Exercise
Within the records below is a range that opens at the line with "vyrn, niyon, selfira, caro, and" and closes at the line with "Diamond Engagement Ring". Return that range word for word, both ends included, and only that range.

/---

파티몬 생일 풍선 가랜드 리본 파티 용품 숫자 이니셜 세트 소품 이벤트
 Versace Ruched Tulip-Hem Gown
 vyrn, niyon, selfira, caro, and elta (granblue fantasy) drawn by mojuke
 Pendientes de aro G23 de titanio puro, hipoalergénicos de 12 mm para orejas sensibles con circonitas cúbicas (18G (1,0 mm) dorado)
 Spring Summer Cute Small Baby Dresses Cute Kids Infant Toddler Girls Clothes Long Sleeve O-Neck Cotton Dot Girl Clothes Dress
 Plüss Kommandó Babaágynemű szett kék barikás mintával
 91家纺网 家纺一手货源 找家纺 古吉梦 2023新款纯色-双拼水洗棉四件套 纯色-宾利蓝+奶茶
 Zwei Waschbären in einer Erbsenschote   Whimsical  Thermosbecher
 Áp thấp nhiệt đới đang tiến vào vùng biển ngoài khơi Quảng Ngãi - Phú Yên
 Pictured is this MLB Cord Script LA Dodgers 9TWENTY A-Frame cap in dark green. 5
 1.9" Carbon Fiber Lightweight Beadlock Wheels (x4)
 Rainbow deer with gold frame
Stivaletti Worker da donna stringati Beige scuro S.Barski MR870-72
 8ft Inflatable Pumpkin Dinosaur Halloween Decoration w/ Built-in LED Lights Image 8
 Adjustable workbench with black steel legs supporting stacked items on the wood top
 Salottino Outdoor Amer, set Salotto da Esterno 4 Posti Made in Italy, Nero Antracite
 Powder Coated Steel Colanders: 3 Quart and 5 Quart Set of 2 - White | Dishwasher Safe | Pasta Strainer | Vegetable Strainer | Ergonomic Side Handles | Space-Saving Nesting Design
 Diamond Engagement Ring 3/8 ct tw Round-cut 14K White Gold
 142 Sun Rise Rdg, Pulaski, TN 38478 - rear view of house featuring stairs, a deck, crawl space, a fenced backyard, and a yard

\---

Solution for this exercise
 vyrn, niyon, selfira, caro, and elta (granblue fantasy) drawn by mojuke
 Pendientes de aro G23 de titanio puro, hipoalergénicos de 12 mm para orejas sensibles con circonitas cúbicas (18G (1,0 mm) dorado)
 Spring Summer Cute Small Baby Dresses Cute Kids Infant Toddler Girls Clothes Long Sleeve O-Neck Cotton Dot Girl Clothes Dress
 Plüss Kommandó Babaágynemű szett kék barikás mintával
 91家纺网 家纺一手货源 找家纺 古吉梦 2023新款纯色-双拼水洗棉四件套 纯色-宾利蓝+奶茶
 Zwei Waschbären in einer Erbsenschote   Whimsical  Thermosbecher
 Áp thấp nhiệt đới đang tiến vào vùng biển ngoài khơi Quảng Ngãi - Phú Yên
 Pictured is this MLB Cord Script LA Dodgers 9TWENTY A-Frame cap in dark green. 5
 1.9" Carbon Fiber Lightweight Beadlock Wheels (x4)
 Rainbow deer with gold frame
Stivaletti Worker da donna stringati Beige scuro S.Barski MR870-72
 8ft Inflatable Pumpkin Dinosaur Halloween Decoration w/ Built-in LED Lights Image 8
 Adjustable workbench with black steel legs supporting stacked items on the wood top
 Salottino Outdoor Amer, set Salotto da Esterno 4 Posti Made in Italy, Nero Antracite
 Powder Coated Steel Colanders: 3 Quart and 5 Quart Set of 2 - White | Dishwasher Safe | Pasta Strainer | Vegetable Strainer | Ergonomic Side Handles | Space-Saving Nesting Design
 Diamond Engagement Ring 3/8 ct tw Round-cut 14K White Gold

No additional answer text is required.